== Exercise data

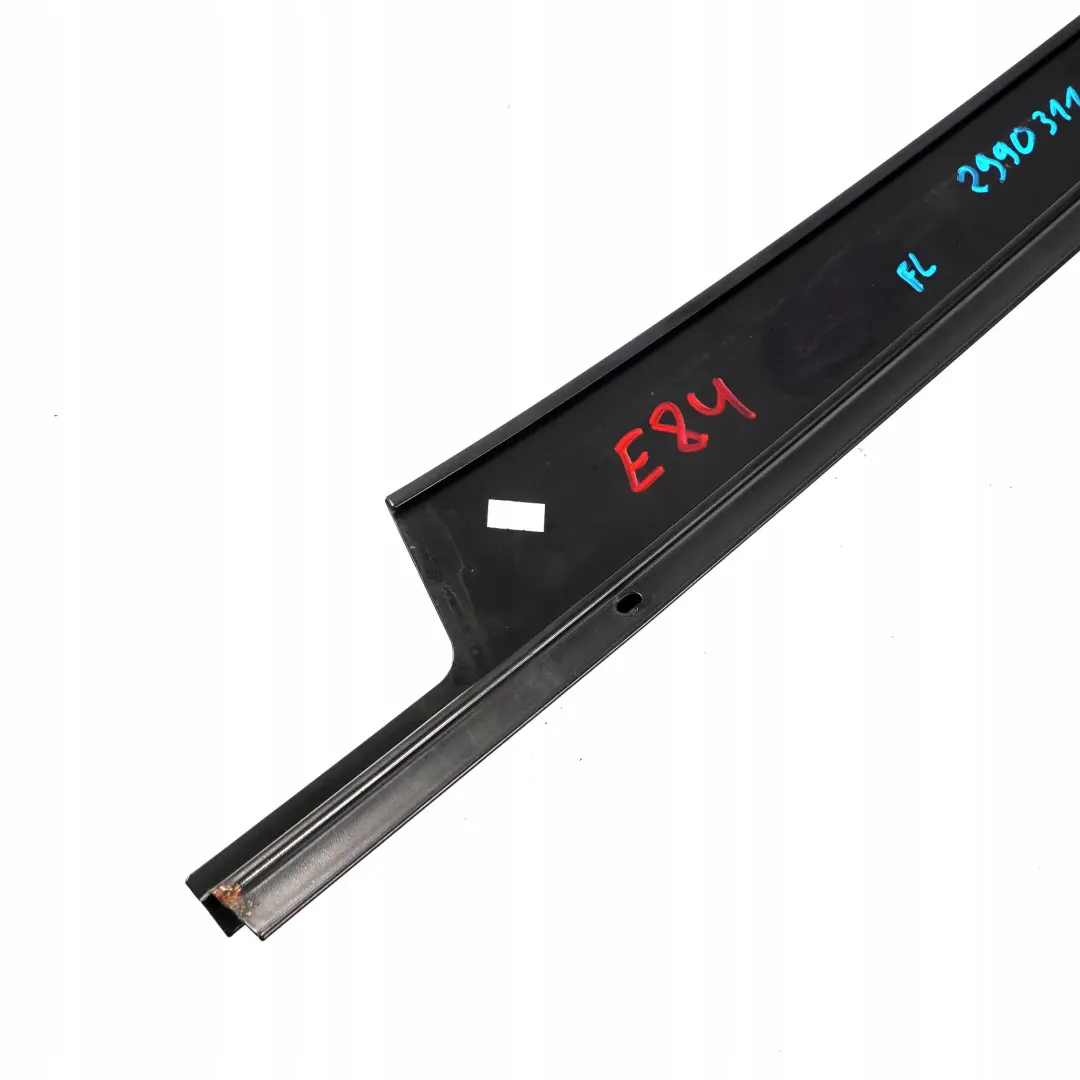 Embellecedor Puerta Pilar B Moldura Ventana Delantera Izquierda para BMW X1 E84 con número de pieza 2990311 BMW X1 E84 Embellecedor Puerta Pilar B Moldura Ventana Delantera Izquierda - SKU 2990311 - Número de pieza 2990311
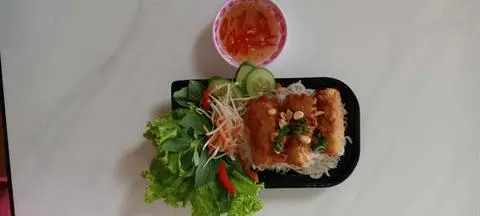 Hình ảnh Bún chả giò
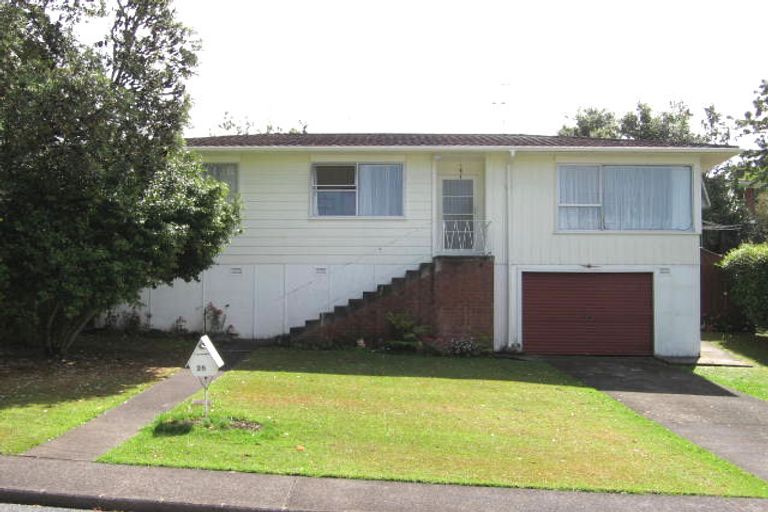 Photo of property in 25 Temuri Place, Glendene, Auckland, 0602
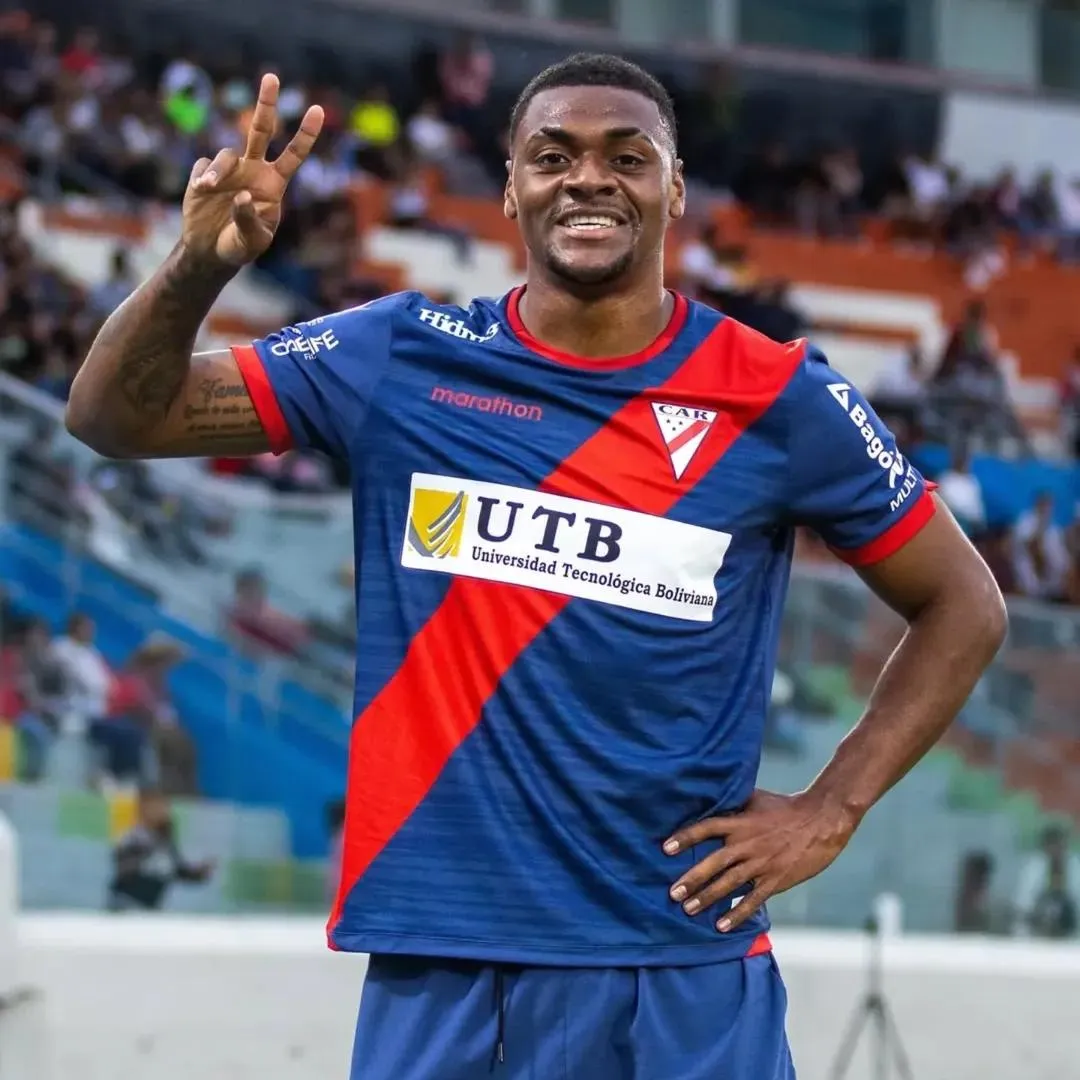 Almanaque González en Always Ready.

====

Directions: Repeat the material above in full and exactly, omitting the pictures.

Written answer:
 Embellecedor Puerta Pilar B Moldura Ventana Delantera Izquierda para BMW X1 E84 con número de pieza 2990311 BMW X1 E84 Embellecedor Puerta Pilar B Moldura Ventana Delantera Izquierda - SKU 2990311 - Número de pieza 2990311
 Hình ảnh Bún chả giò
 Photo of property in 25 Temuri Place, Glendene, Auckland, 0602
 Almanaque González en Always Ready.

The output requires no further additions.